Heather Cahoon received an MFA in Poetry from the University of Montana in 2001 where she was the Richard Hugo Scholar. “Death as a Lens” comes from her recently-completed manuscript, Horsefly Dress. Cahoon is from Montana and is a member of the Confederated Salish and Kootenai Tribes.
Heather's poem "Death as a Lens" will appear in the Summer 2018 issue of Carve. Preorder or subscribe by Sunday, July 1, for special savings and discounts.
What was the inspiration behind this poem?
My sons and father and I were out for an afternoon drive in the woods and on the lookout for grouse for dinner. After getting our first one, my father carefully showed my little boys the delicate pouch behind its throat, cutting it open so they could see what it had been eating. As he cut open its craw and I saw it contents, I was struck with the sense that I was seeing something deeply private, something so revealing of another’s private behaviors and choices that somehow I felt more uncomfortable knowing what it had eaten (and that it had eaten) than actually knowing we were going to have it for dinner. I also felt a subtler awareness of the power dynamics at play in all of it, too; one of us was going to come out of the situation as the casualty.

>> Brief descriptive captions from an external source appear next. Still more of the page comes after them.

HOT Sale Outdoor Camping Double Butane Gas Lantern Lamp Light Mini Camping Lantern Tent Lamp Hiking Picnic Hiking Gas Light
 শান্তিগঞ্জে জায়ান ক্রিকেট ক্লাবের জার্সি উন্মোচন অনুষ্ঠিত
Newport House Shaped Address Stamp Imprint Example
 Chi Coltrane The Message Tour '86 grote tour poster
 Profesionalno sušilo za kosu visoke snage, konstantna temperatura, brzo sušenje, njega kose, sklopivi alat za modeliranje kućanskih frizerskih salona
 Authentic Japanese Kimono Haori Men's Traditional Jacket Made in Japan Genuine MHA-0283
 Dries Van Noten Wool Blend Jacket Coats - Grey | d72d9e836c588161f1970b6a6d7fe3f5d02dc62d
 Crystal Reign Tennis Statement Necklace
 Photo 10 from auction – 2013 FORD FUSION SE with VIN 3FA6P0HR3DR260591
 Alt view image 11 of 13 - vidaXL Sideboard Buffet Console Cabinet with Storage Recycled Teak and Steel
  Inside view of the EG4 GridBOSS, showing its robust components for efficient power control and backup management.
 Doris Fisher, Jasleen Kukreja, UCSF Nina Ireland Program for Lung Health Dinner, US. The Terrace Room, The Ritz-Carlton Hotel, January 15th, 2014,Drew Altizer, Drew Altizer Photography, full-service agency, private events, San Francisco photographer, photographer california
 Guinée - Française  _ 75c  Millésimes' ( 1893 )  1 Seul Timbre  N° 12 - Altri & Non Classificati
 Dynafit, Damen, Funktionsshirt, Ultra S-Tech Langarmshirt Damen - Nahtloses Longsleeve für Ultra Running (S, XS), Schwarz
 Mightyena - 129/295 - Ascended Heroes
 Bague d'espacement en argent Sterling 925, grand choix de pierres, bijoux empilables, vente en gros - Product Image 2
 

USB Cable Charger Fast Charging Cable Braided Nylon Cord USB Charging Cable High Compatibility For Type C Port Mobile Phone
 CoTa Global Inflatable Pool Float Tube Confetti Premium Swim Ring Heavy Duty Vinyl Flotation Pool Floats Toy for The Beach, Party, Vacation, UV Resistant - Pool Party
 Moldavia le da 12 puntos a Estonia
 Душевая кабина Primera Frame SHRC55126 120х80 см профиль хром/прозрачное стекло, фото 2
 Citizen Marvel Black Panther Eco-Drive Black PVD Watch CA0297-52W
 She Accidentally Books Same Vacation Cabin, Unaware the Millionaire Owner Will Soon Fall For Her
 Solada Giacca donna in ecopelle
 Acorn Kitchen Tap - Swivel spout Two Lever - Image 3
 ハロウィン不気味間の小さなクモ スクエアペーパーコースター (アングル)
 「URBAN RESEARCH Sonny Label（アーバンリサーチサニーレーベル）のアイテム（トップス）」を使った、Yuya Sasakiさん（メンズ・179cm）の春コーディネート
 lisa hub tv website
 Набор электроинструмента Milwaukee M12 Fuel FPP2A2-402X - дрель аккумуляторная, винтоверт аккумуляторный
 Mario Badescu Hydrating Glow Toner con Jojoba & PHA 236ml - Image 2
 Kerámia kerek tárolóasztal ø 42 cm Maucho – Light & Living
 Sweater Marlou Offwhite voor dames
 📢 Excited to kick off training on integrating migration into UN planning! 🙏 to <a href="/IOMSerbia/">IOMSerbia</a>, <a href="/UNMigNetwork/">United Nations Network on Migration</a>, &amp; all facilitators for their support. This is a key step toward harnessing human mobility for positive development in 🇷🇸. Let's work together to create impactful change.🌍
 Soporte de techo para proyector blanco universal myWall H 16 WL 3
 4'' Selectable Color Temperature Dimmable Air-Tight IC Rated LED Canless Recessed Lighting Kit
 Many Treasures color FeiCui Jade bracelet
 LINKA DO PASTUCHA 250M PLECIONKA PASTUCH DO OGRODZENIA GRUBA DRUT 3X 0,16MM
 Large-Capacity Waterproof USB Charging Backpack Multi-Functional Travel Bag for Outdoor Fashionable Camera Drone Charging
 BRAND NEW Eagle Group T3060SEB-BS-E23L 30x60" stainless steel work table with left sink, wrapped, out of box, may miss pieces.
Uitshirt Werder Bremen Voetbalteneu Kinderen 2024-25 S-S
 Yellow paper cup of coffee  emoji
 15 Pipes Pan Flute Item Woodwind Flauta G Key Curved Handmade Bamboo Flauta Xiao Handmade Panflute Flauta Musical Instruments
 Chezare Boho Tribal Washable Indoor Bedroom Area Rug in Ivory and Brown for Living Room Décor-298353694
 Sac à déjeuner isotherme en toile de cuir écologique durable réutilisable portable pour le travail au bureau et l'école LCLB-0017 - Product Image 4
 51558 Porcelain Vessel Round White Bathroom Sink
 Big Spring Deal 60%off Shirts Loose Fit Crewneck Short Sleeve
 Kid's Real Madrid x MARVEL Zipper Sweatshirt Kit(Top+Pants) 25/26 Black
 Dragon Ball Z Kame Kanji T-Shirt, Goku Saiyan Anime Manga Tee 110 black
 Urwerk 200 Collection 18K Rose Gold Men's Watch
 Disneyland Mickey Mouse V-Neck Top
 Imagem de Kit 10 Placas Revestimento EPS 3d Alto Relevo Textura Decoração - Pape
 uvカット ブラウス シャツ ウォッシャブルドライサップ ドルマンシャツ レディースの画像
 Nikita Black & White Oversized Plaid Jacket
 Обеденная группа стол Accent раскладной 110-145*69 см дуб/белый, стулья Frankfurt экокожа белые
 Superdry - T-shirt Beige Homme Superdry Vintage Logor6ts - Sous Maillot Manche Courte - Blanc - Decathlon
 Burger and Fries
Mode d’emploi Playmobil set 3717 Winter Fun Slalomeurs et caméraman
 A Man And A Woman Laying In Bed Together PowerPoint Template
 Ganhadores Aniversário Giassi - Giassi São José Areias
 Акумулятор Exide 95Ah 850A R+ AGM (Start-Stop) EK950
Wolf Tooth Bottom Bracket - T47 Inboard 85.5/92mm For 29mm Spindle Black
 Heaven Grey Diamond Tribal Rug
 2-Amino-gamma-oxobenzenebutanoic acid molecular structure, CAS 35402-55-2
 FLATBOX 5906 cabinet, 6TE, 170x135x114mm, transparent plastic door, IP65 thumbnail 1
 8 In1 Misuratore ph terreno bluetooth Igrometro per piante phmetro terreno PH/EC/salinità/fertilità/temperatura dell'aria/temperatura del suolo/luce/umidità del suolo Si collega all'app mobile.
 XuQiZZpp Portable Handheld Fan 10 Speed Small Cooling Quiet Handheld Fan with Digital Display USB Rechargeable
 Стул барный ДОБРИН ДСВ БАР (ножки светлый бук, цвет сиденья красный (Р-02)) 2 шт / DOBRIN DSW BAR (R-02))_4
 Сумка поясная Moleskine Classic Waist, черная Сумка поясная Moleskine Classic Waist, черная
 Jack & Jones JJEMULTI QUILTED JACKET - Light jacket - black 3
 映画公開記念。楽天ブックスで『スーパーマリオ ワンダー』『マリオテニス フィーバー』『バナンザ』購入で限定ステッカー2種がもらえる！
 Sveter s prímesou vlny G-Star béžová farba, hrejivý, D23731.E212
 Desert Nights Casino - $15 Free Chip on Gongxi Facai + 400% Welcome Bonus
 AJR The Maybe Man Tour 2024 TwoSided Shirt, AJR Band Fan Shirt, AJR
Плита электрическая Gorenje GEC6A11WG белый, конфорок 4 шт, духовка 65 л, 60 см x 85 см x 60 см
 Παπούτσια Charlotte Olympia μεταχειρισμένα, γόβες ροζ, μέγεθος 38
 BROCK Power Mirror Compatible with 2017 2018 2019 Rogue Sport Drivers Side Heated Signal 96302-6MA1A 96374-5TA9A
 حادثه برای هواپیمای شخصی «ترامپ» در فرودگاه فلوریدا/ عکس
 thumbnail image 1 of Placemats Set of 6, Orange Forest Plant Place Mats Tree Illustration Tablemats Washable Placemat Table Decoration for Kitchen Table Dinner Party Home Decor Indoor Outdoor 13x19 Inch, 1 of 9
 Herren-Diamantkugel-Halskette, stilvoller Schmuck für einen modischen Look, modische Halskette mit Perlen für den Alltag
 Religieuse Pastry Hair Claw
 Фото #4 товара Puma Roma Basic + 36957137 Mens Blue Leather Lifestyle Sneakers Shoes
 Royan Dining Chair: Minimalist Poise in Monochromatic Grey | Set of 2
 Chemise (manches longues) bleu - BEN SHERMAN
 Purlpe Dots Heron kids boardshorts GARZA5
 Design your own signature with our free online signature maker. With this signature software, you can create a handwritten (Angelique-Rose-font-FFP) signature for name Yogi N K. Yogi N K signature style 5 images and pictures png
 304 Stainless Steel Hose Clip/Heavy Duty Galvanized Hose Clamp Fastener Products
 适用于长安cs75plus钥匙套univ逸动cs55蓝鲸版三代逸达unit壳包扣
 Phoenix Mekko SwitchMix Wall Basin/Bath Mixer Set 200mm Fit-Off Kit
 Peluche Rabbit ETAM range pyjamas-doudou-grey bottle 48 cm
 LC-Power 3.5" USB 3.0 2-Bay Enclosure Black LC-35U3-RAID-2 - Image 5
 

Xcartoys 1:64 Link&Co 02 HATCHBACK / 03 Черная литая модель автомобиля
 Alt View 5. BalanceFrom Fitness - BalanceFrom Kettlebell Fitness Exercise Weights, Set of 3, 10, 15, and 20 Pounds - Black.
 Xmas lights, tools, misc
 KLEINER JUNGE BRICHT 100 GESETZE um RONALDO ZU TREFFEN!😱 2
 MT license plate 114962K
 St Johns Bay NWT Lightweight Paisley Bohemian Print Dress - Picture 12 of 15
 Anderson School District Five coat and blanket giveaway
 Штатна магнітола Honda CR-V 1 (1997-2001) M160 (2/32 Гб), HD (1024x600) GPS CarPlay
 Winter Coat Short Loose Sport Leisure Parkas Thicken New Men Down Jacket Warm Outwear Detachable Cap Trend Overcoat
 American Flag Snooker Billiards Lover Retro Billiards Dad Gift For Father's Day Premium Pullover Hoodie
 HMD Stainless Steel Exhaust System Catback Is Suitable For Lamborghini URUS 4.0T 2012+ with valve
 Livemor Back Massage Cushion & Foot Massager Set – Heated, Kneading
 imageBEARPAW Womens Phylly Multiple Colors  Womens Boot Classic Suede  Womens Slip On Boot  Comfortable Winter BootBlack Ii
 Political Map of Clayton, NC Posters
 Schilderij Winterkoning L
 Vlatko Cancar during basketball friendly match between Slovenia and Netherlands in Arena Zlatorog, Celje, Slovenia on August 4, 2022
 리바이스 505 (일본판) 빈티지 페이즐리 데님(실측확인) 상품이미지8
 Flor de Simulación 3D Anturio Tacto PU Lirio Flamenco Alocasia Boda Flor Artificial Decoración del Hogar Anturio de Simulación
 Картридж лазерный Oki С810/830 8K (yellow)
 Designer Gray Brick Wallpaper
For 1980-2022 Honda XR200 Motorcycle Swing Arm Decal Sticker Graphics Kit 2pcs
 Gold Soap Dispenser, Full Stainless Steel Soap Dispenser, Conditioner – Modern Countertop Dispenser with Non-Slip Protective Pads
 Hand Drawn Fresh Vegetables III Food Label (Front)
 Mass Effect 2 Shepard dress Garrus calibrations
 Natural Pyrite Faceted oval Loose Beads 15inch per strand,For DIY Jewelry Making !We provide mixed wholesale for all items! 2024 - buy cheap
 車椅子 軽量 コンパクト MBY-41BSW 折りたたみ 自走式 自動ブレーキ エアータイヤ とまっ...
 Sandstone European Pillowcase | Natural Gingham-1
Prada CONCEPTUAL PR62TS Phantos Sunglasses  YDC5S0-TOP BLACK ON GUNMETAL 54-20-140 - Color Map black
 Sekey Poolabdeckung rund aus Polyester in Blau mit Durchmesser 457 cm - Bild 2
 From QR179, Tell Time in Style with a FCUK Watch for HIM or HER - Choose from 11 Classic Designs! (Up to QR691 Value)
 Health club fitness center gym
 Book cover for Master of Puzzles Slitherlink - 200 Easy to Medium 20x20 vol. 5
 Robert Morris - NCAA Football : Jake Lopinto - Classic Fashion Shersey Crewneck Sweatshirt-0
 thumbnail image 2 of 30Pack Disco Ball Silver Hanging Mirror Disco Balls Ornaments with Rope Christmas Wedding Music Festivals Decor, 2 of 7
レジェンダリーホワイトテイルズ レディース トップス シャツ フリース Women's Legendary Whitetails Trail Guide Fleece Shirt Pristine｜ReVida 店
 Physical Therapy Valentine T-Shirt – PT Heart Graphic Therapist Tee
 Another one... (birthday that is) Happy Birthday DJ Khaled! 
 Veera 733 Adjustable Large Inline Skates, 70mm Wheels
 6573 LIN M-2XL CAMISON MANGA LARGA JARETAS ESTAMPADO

This sort of complex web of feelings prompted me to want to examine more closely another instance that had some overlap in terms of it being a highly-impactful experience where an individual’s most private behaviors were exposed and where the power dynamics were hugely uneven.
The second stanza is a reference to a memory, but it is unclear what that memory exactly is. What was the reason for not fully exposing it?
I chose not to detail the experience partly because I wanted to focus on the feelings it generated in me. I wanted to try to understand the commonalities of these two disparate instances because they shared something that was difficult to describe, but something I felt very strongly.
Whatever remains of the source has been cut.